In his writing and public appearances, Friedrich has depicted the animal
rights and vegan movements as failures, and has publicly chided animal
activists for criticizing his efforts to recruit big meat companies for
Clean Meat investments. In 2016, for example, Friedrich wrote an op-ed for
the Wall Street Journal, entitled, "Vegans' Bullheaded Beef with Tyson
Foods,"in which he openly denigrated the vegans and animal advocates who
have criticized him for cozying up to Tyson Foods and other killers of
animals. Like Paul Shapiro, Friedrich seems to feel that he should not be
accountable to the animal movement. As Karen Davis, the president of United
Poultry Concerns, observes:
"Friedrich's declaration that the plight of animals does not and never
will sufficiently move most people to change their diets, since it hasn’t
yet done so on a grand scale, is glib and simply gives people a pass to be
ethically inert where animals are concerned. It isn’t so much the prospect
of cellular meat per se that disturbs me as the coupling of it with the
denigration of animal rights activism and of animals themselves.

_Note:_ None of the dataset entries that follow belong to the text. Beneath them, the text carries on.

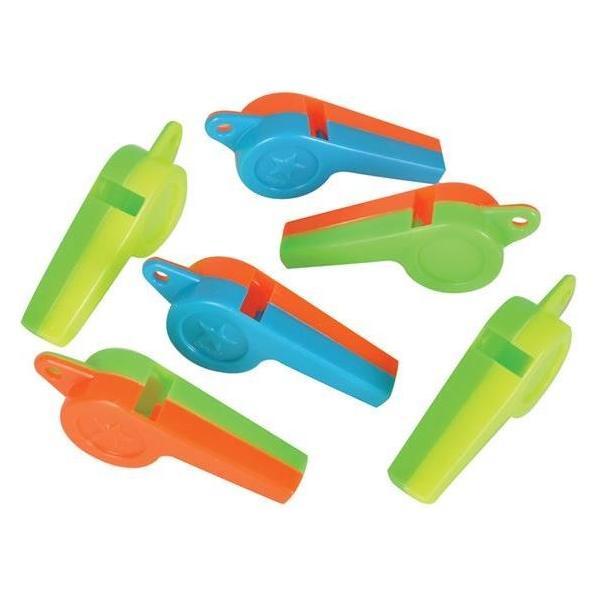 Hard Plastic Whistle 144/pc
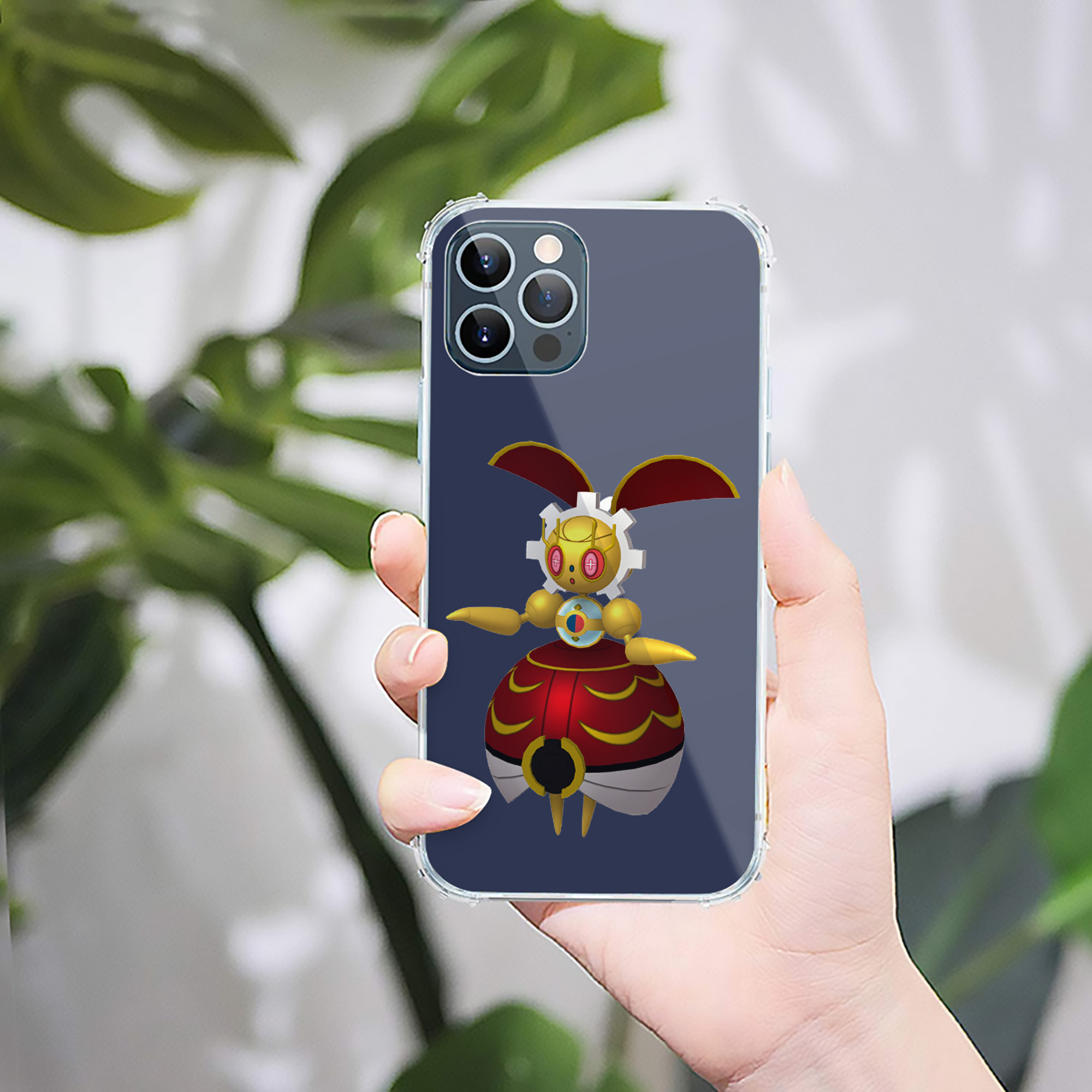 （画像用） ポケットモンスター Pokémon 【iPhone 12シリーズ対応】透明スマホケース（クリアソフトケース）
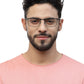 Zenith Metallic Titanium Grey Spectacles for Men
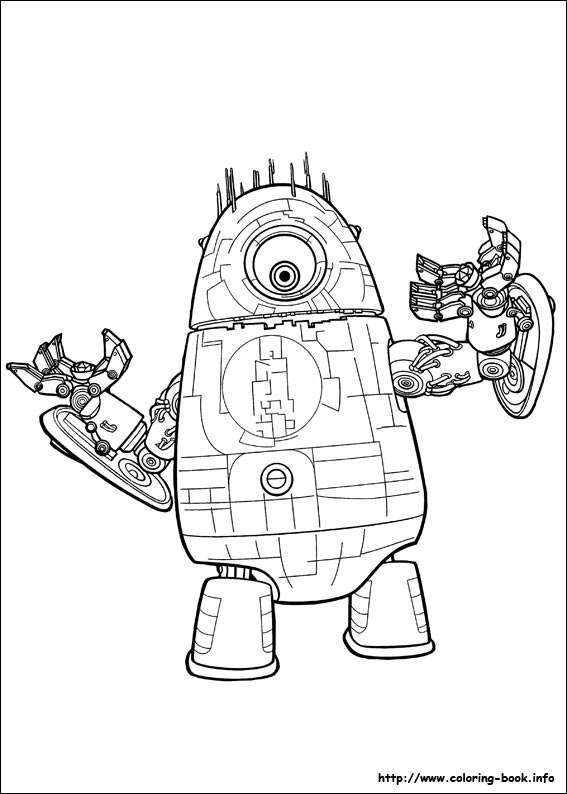 Monsters vs Aliens coloring picture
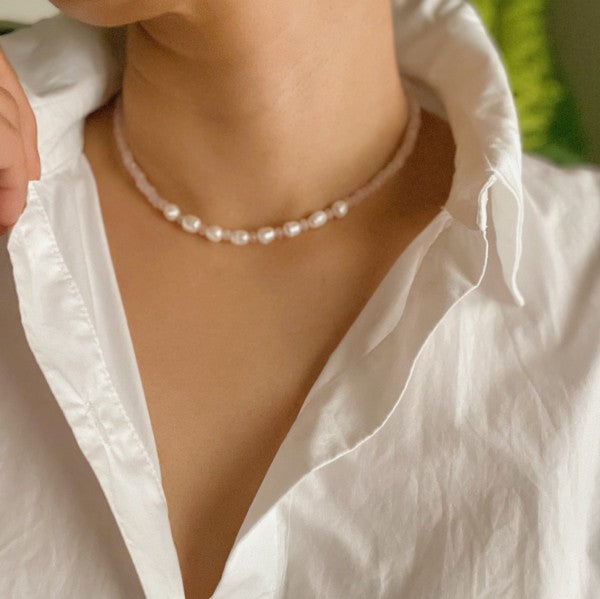 Freshwater Pearl Choker Necklace Shop Style & More | Fresh Looks, Everyday Deals & Free Shipping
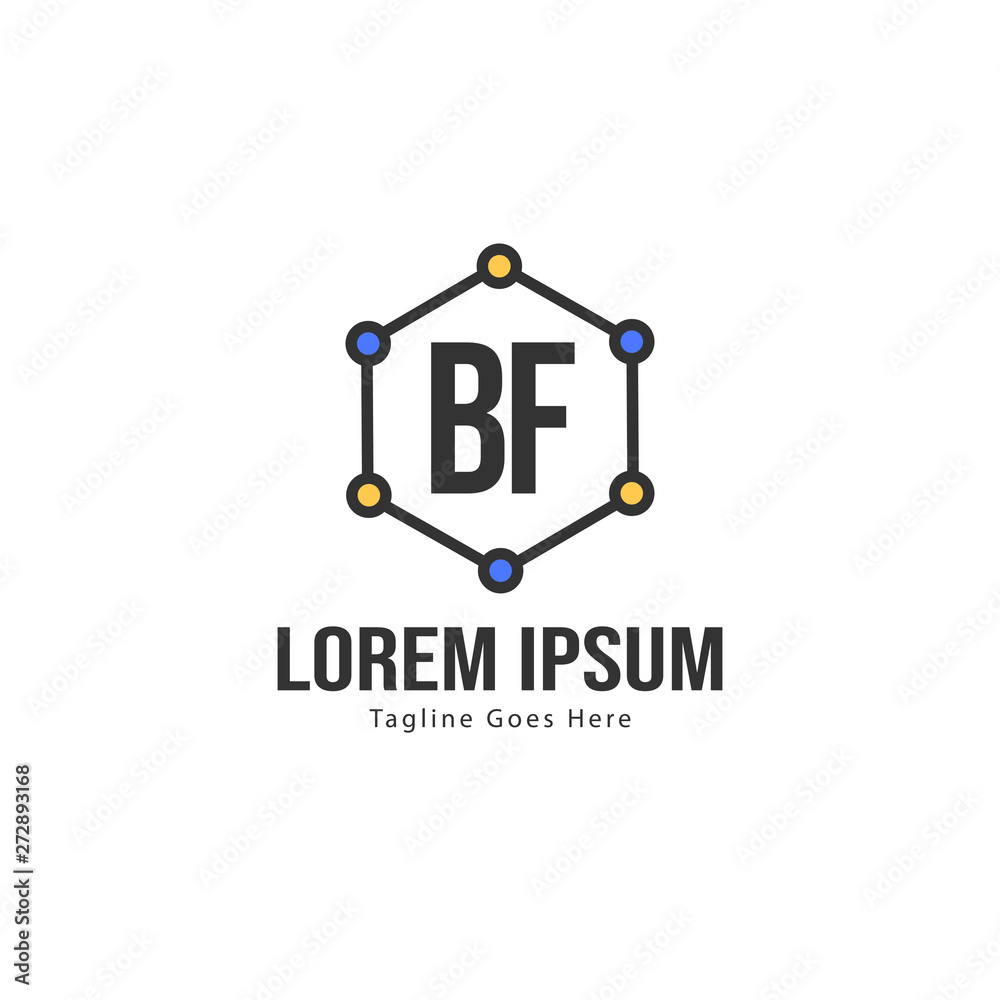 BF Letter Logo Design. Creative Modern BF Letters Icon Illustration BF Letter Logo Design. Creative Modern BF Letters Icon Illustration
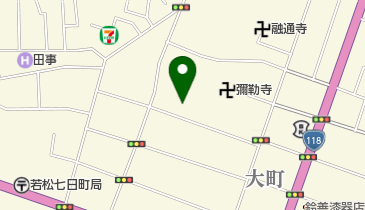 観音寺の地図画像
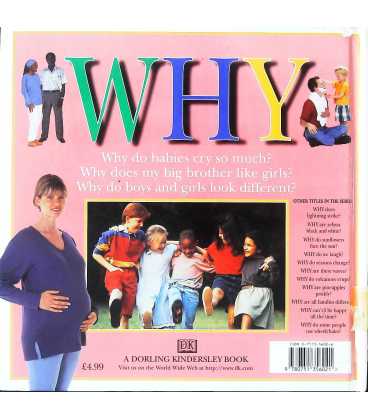 Why Is Mummy's Tummy So Big? Back Cover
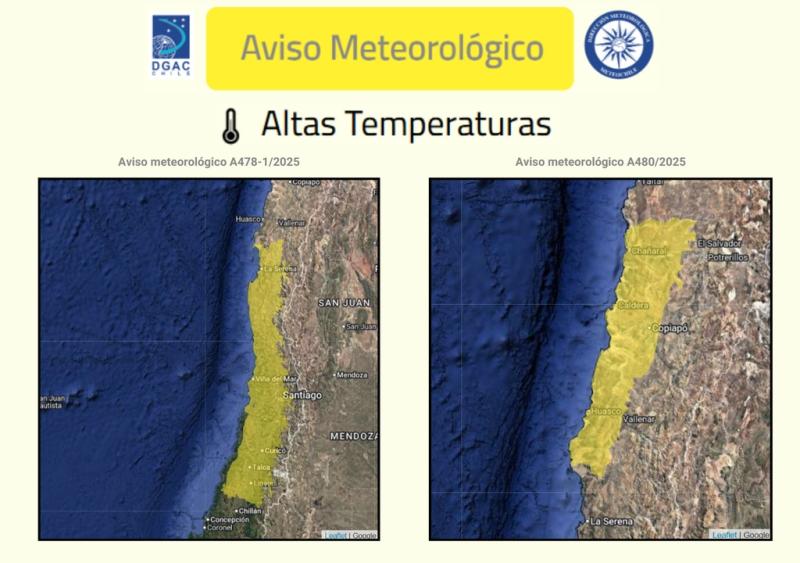 DMC - Altas temperaturas en la Región Metropolitana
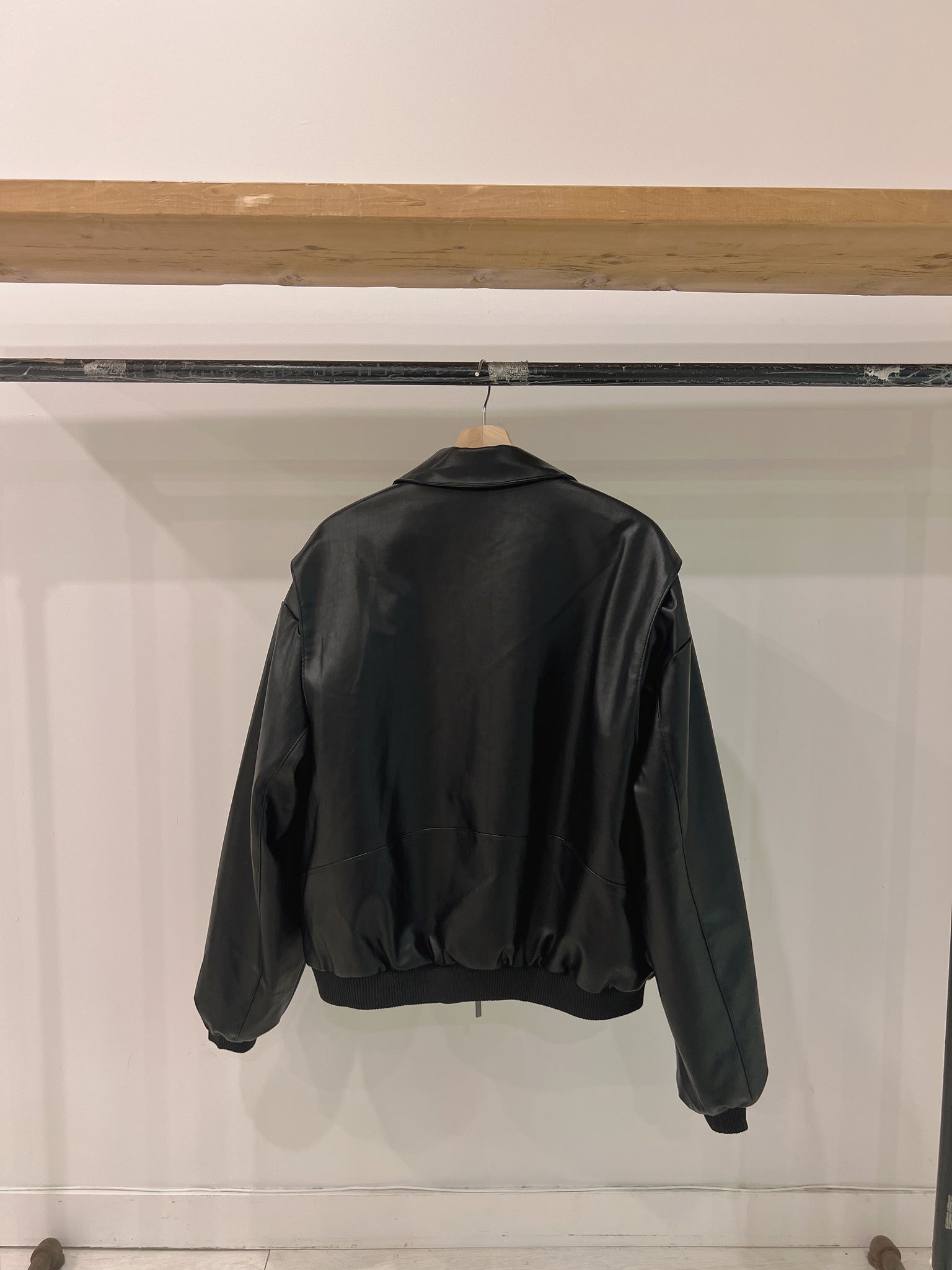 SMITH Leather bomber jacket
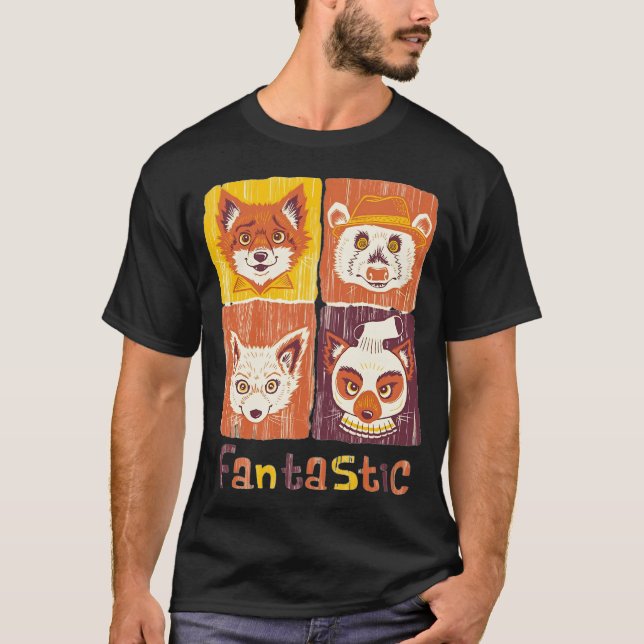 Camiseta Fantástico Sr. Fox Classic (Frente)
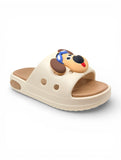 Dog Applique Flip Flops - Beige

"If people are being told that the animals don’t really matter and that
humans can never change their behavior in this respect, and this message is
coming even from animal advocates, then the concerted societal message is
just that there is an infinite smorgasbord of 'food' products for the human
omnivore, and animal advocates have succumbed to the abusers’ viewpoint and
everything is as the philosopher George Santayana said about life itself,
'ashes in the mouth.'”
The Clean Meat lobby has deliberately de-highlighted violence against
animals, embracing a marketing strategy that seeks to appeal to consumers'
self-interests. Characteristic is the promotional copy for the Israeli Clean
Meat start-up, Aleph Foods, which promotes its cellular meat as follows: "At
Aleph Farms, we believe meat is one of life’s pleasures, to be celebrated
and enjoyed [but] without the downsides to health and the environment."
""Finally, meat you can enjoy that's good for your health, and good for the
planet!"
We thus see Aleph foods promoting two key messages about meat. First, that
meat is one of life's essential pleasures. Second, that consumers should
choose the "new" meat (1) for their "health" and (2) for "the planet." Where
are the animals? Aleph Foods and other CM business sometimes mention animal
welfare, too--but in passing and almost apologetically. Typical of the
approach is Mike Seldon of Finless Foods, who has stated: "What we do is
create non-vegan, non-vegetarian real fish meat, without the mercury,
without the plastic, without the environmental devastation, and without the
animal cruelty...." The fact that animals are always mentioned last in these
marketing campaigns is troubling. The message, again, is that animals
matter, but only a little.
Paul Shapiro, who has lately become a one-man wrecking crew of the animal
rights movement, wrote an op-ed in the Chicago Sun Times, promoting Clean
Meat, in which he boasted: "Rather than taking months or years to raise and
kill whole animals, growing just the meat we want takes a fraction of the
time and resources and entails fewer food safety risks. And while it’s not
yet on the market, as someone who’s eaten such 'clean meat' meat on many
occasions, I can attest that it tastes delicious, too." The message? It's
not wrong to raise and kill animals. No - it's just too time-consuming, it
uses too many resources, and isn't as "safe" as lab-meat will be.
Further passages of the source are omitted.